Easy peasy BBQ Jackfruit Sandwiches, filled with BBQ seasoned Jackfruit, vegan BBQ Sauce and quick no mayo coleslaw.
It’s what summer in the garden with friends is all about! Or winter in front of the fire to be frank!
Cooking With Jackfruit
Jackfruit is a really useful ingredient in the vegan kitchen and is now readily available in cans on supermarket shelves.
Look for canned young Jackfruit in water rather than salty brine or sweet syrup. At a push buy it in brine if you can’t find it in water and give it a good rinse, but jackfruit in syrup is for dessert making and it really won’t work here!
Jackfruit has the ability to absorb any flavours you chuck at it as well as a lovely delicate flavour of its own.
It doesn’t taste strongly fruity in any way so it is perfect in savoury dishes.
Best of all jackfruit has a fabulous texture to work with and is brilliant as a meat alternative in lots of recipes.
If you haven’t cooked with it before these easy BBQ Jackfruit Sandwiches are a really good place to start!
I teamed the barbecued jackfruit with a quick homemade no mayo coleslaw and some crunchy little gem lettuce all popped into a soft, seeded bap. Scrumptious!
BBQ Jackfruit Sandwiches
The process for making BBQ Jackfruit is super simple! All you need to do is:
- Fry the onion until soft, add the drained jackfruit and fry a bit more.
- Add the garlic and spices and sizzle a bit.
- Chuck in the BBQ sauce and water and simmer away!
- Top Tip: Poke the jackfruit with your spoon or use a fork to break the pieces up a bit and you’ll get the lovely textures you can see below!
Red Cabbage Slaw
I made up the red cabbage slaw while the jackfruit was doing its thing and we were eating our BBQ jackfruit sandwiches within 30 minutes of me donning an apron!
Thinly slice red cabbage, green cabbage, carrots and red onion, toss in a little apple cider vinegar, a splash of olive oil, some salt and pepper to taste and you’re done!
Make It Super Easy
I had already made a batch of homemade vegan BBQ sauce so I used that. It only takes about 20 minutes to make BUT, if you’re in a sandwich rush make it even easier by using a shop-bought sauce! Just check the label to be sure that it’s vegan. Some commercial BBQ sauces contain Worcestershire sauce which is made with anchovies and they simply don’t belong in a sauce. Let the little fishies swim free my friends!

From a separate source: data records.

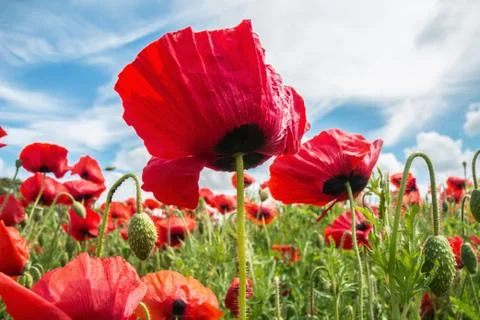 Under a poppy Stock Photos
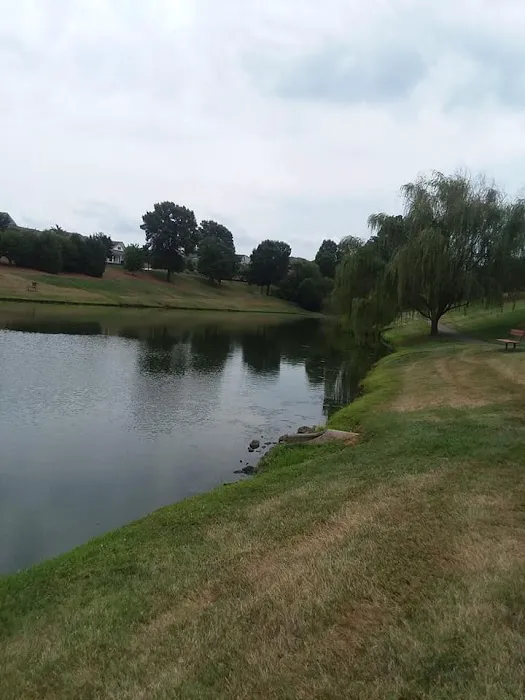 Southern Pond Management Picture 1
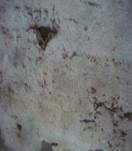 Heidelbeer-Kammpilz, Foto 23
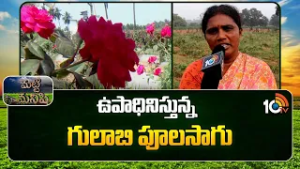 Rose cultivation provides employment | ఉపాధినిస్తున్న గులాబి పూలసాగు | Matti Manishi | 10TV News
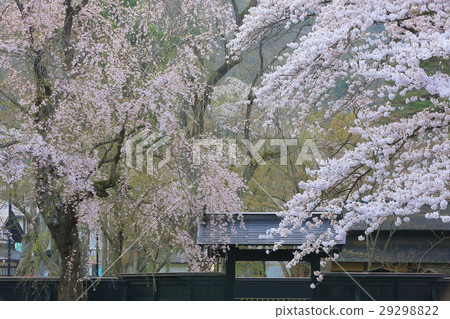Buddy cherry blossoms and samurai residences 29298822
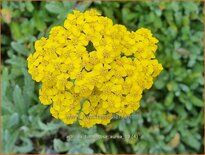 Achillea tomentosa 'Aurea'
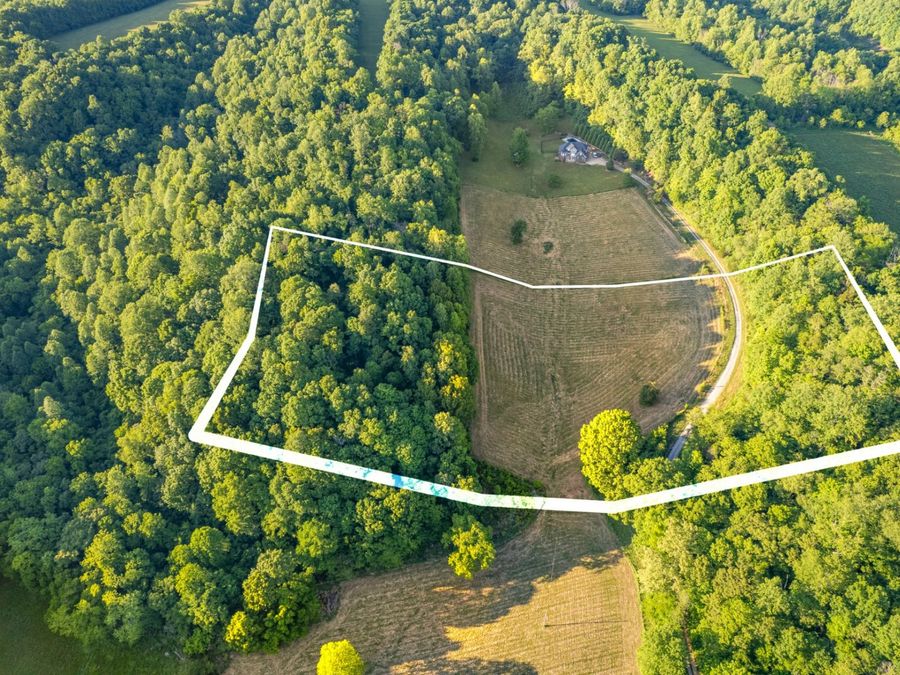 Property Image 4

Presenting BBQ Jackfruit Sandwiches
Next layer it up with some green salad leaves, red cabbage slaw or some beetroot salad I love all the colours – a real feast for the eyes as well as the tummy!
Pop its lid on and you’re done!
Storing Cooked BBQ Jackfruit
BBQ Jackfruit is great hot or cold so if you have leftovers pop them in a covered container and refrigerate.
It will allow the flavours to mature even more so day two can be even better than day one!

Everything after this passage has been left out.